### Problem requirements
Leave out the pictures, and retype the remaining data exactly.

### Available data
-- Opening Marker --

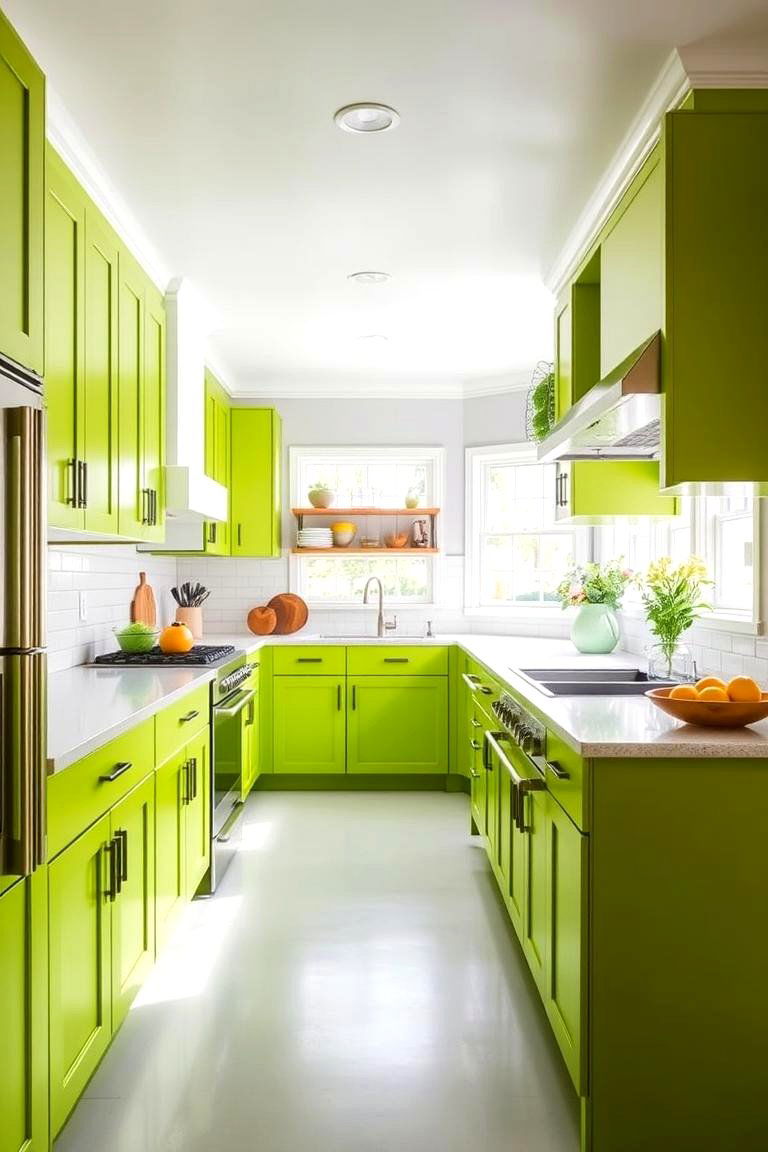 Chartreuse Cabinets for a Bold Energizing Kitchen - 24 Green Kitchen Cabinet Ideas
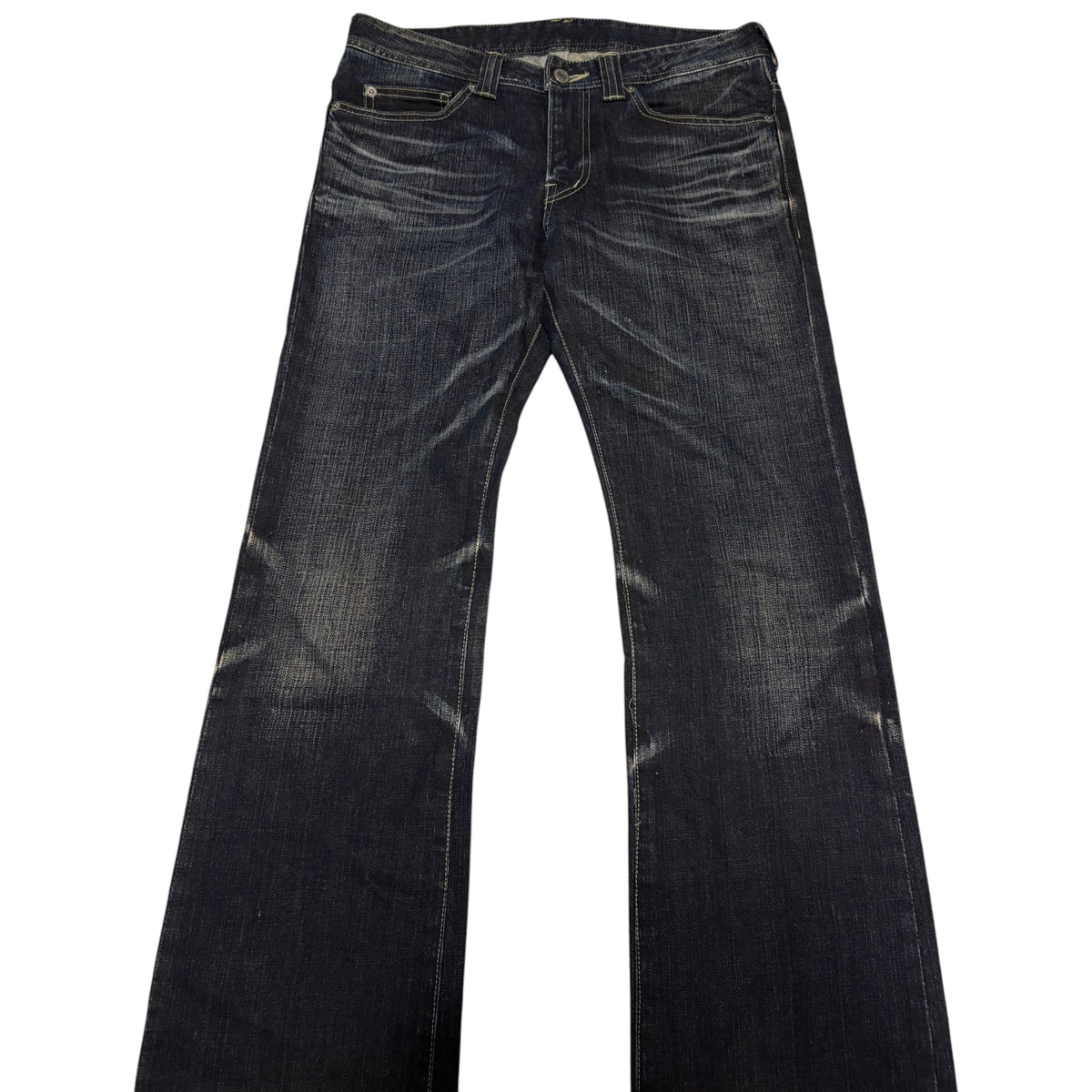 Japanese brand navy whiskered straight leg streaked denim jeans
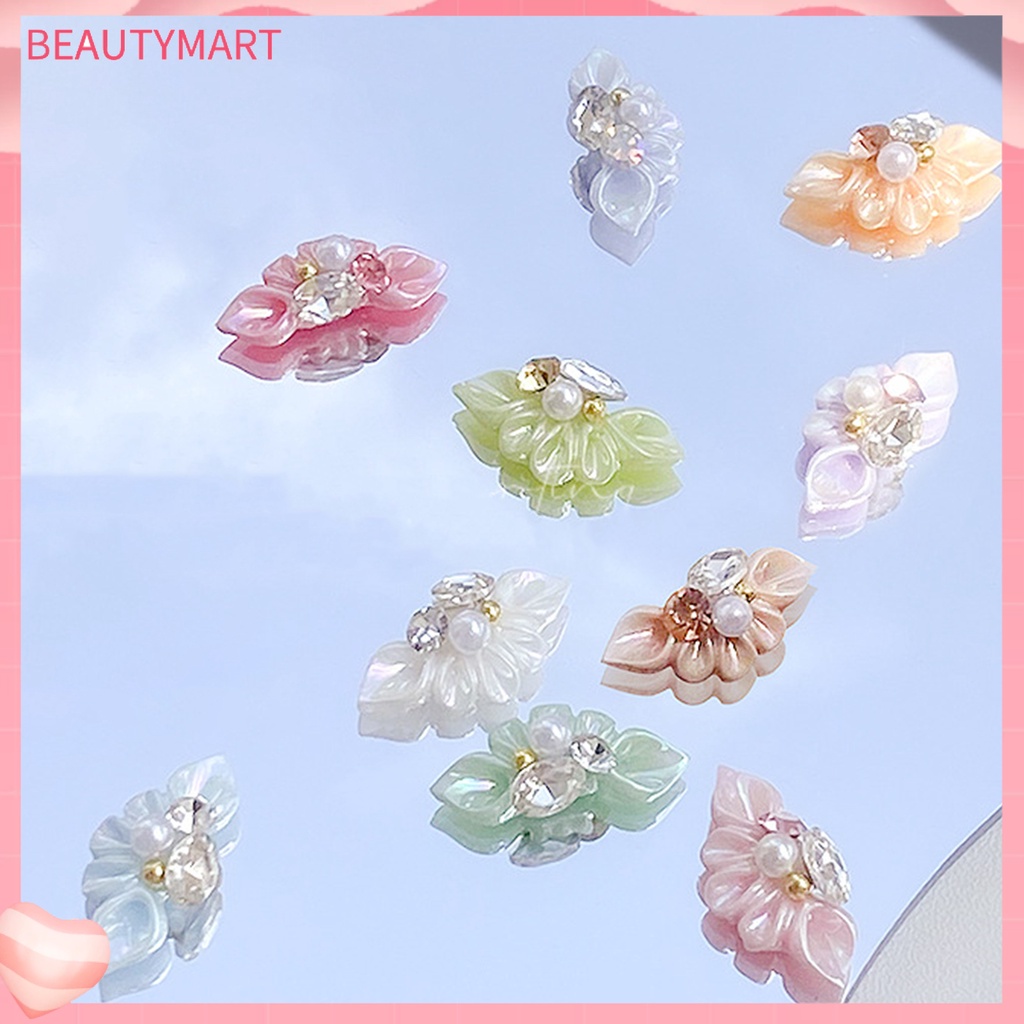 Set 10 Phụ Kiện Trang Trí Móng Tay Hình Bông Hoa 3D Màu Sắc Sống Động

-- Closing Marker --

### Solution
 Chartreuse Cabinets for a Bold Energizing Kitchen - 24 Green Kitchen Cabinet Ideas
 Japanese brand navy whiskered straight leg streaked denim jeans
 Set 10 Phụ Kiện Trang Trí Móng Tay Hình Bông Hoa 3D Màu Sắc Sống Động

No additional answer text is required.